The candy maker says it has been using AI for several years to help source, manufacture and digest industry data to determine trends in the food industry. Regarding large-scale language models, Vincent says: We're still in the early stages of that. ”
To advance that journey, Mars will open an AI lab at its Newark headquarters in the first quarter of 2024. “The AI Lab provides an opportunity for every employee to come in with an idea and hopefully leave with a plan of action,” said Gabriel Wesley, chief marketing officer at Mars Wrigley North America. Masu.
Marie Wright, chief global flavorist at food processing company ADM, recalls the days when flavorists would write down in “beautiful” books the formulas that would form the basis of flavors produced in factories. However, the move to computers, and more recently her move to AI, has changed the way the industry processes formulations and data.
“AI platforms have come a long way in the last few years,” Wright says. “And how can you apply that to creative skills like flavor creation?” She says, “Many flavorists are afraid of AI. And most creative people are afraid of AI. I think you're afraid of that.”
ADM says it's not using AI to take away flavor development work, but to improve the process. Wright says it's important that technology groups don't just mandate the use of AI tools. Instead, the flavorist should be encouraged to join his AI journey.
“We humans can't process that data, so AI has to come into play,” Wright says. “AI has the huge advantage of being able to quickly process and learn from that data, and eventually start doing machine learning to create new formulas, new ways of working, and perhaps even more predictive things in my field. The hope is that we will be able to do it, and the extrapolation is that we should be better at creativity.”
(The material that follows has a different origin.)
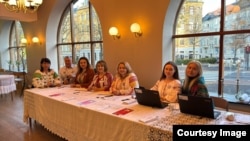 Secția de votare de la Oslo, noiembrie 2024. Diana este o membră activă a diasporei și pe lângă alegeri, se implică în voluntariat pentru serviciul „Linia Roșie".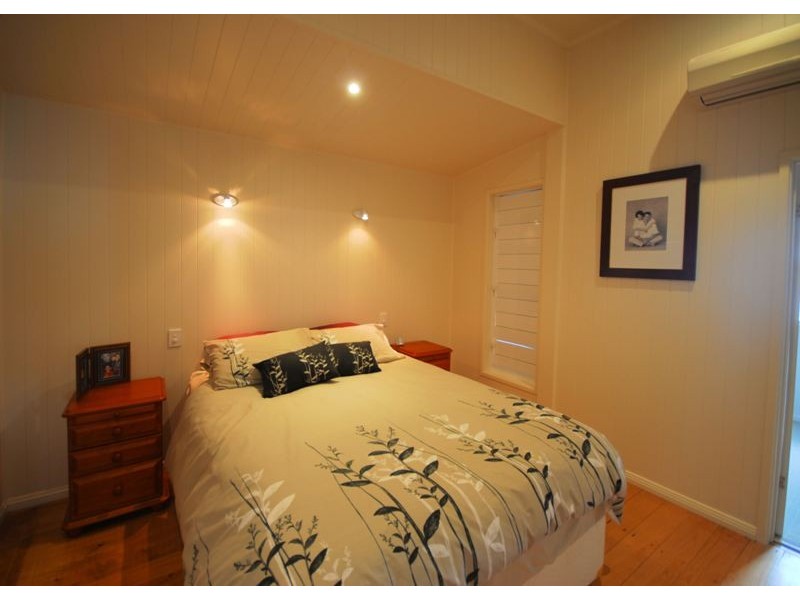 25 Princes Road, Hyde Park QLD 4812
Bayer says it was a fairly early adopter of AI tools such as machine learning. Let's take the example of corn. Before plant breeding, approximately 20 to 30 bushels were grown on one acre of land. Currently, the average corn yield is 175 bushels. Some of these gains were due to farms evolving fertilizers and farming methods, but most were due to genetic improvements made by AI.
AI will help Bayer process data to determine the best parental candidates that breeders can cross to produce the most successful corn offspring in the field. There are billions of possible combinations of corn genes that contribute to yield.
“It is clear that the human mind is not capable of absorbing and fully understanding all the vast amounts of data we are currently collecting,” said Bob Reiter, global head of research and development for crop science at Bayer. “I did,” he says. “Being able to break through this and unlock even more genetic potential that was previously not possible without AI tools is huge.”
Predictive algorithms about which parents to mate and which genetic combinations to create are so sophisticated that Bayer now only has to do it three to four times a year, a process that used to happen every few years before the advent of AI. Now you can do it twice. “This will be a huge driver in the future to continue increasing farmers' productivity of their planted acres,” Reiter said.
Additionally, with the world's population expected to reach 8.5 billion in 2030 and rise to 9.7 billion in 2050, farmers will need to become increasingly efficient.
“This is the basis for feeding a growing world population,” says Reiter.